Intermediate Site Reliability Engineer, Environment Automation
GitLab is an open core software company that develops the most comprehensive AI-powered DevSecOps Platform, used by more than 100,000 organizations. Our mission is to enable everyone to contribute to and co-create the software that powers our world.
As a Site Reliability Engineer at GitLab, you are responsible for keeping all user-facing services and other GitLab production systems running smoothly.
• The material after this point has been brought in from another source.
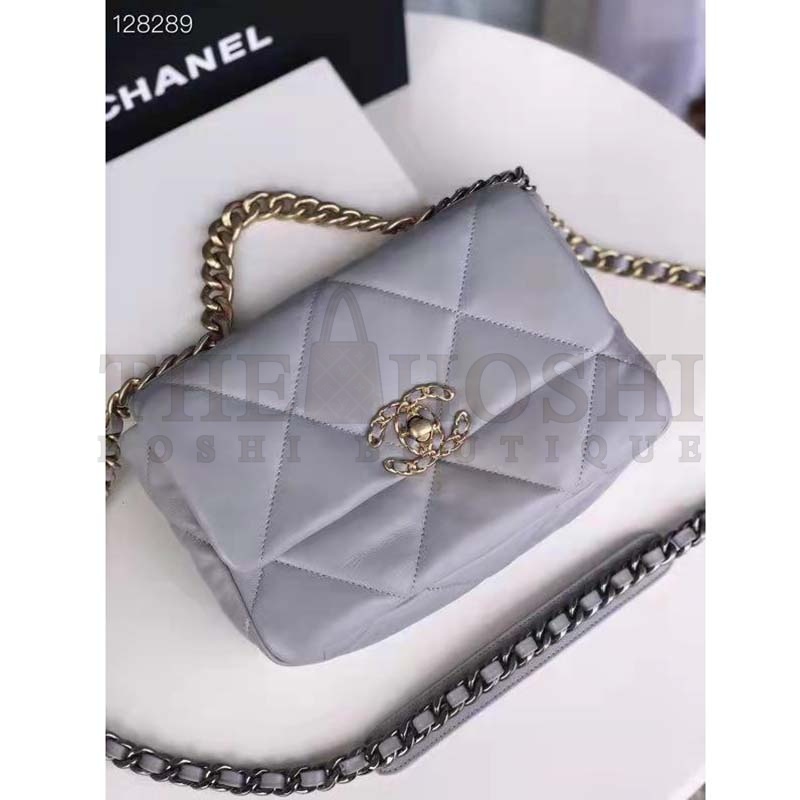 Ch**el Women 19 Flap Bag Lambskin Iridescent Gold Silver-Tone Metal Grey Master Quality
Our SREs are a blend of pragmatic operators and software craftspeople that apply sound engineering principles, operational discipline, and mature automation to our operating environments and the GitLab codebase.
What you’ll do
- Automate operational tasks for Environment Automation SRE.
- Develop a good warning system for reliable maintenance tasks.
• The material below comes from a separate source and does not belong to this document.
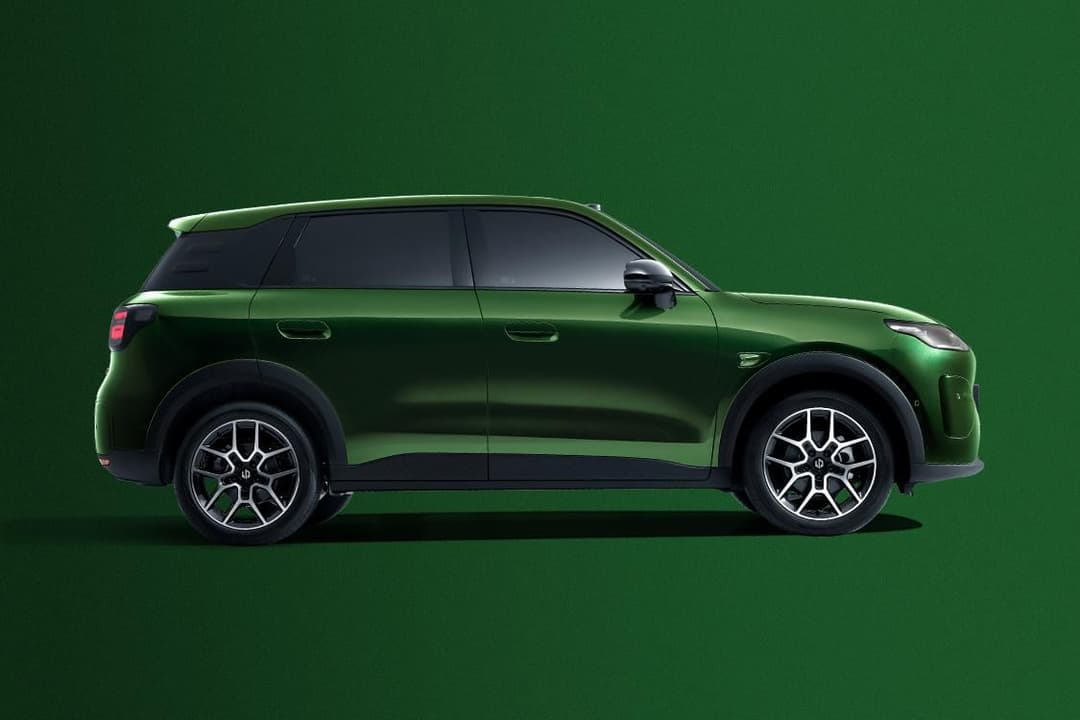 Leapmotor A10 electric SUV in Acorn Brown color displaying its distinctive headlights and tall roofline design Leapmotor A10 electric SUV in Acorn Brown color displaying its distinctive headlights and tall roofline design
- Plan monitoring and alerting systems based on customer usage patterns.
- Respond to user emergencies and support requests.
- Implement new security measures for GitLab infrastructure.
- Collaborate with engineering stakeholders to resolve architectural bottlenecks.
What you’ll bring
- Experience in running and operating production workloads.
- Strong programming skills - preferably with Ruby and/or Go.
- Strong background with Infrastructure as Code technologies like Terraform and Ansible.
- Able to reason about large systems and their operations.
- Enjoy working collaboratively across teams.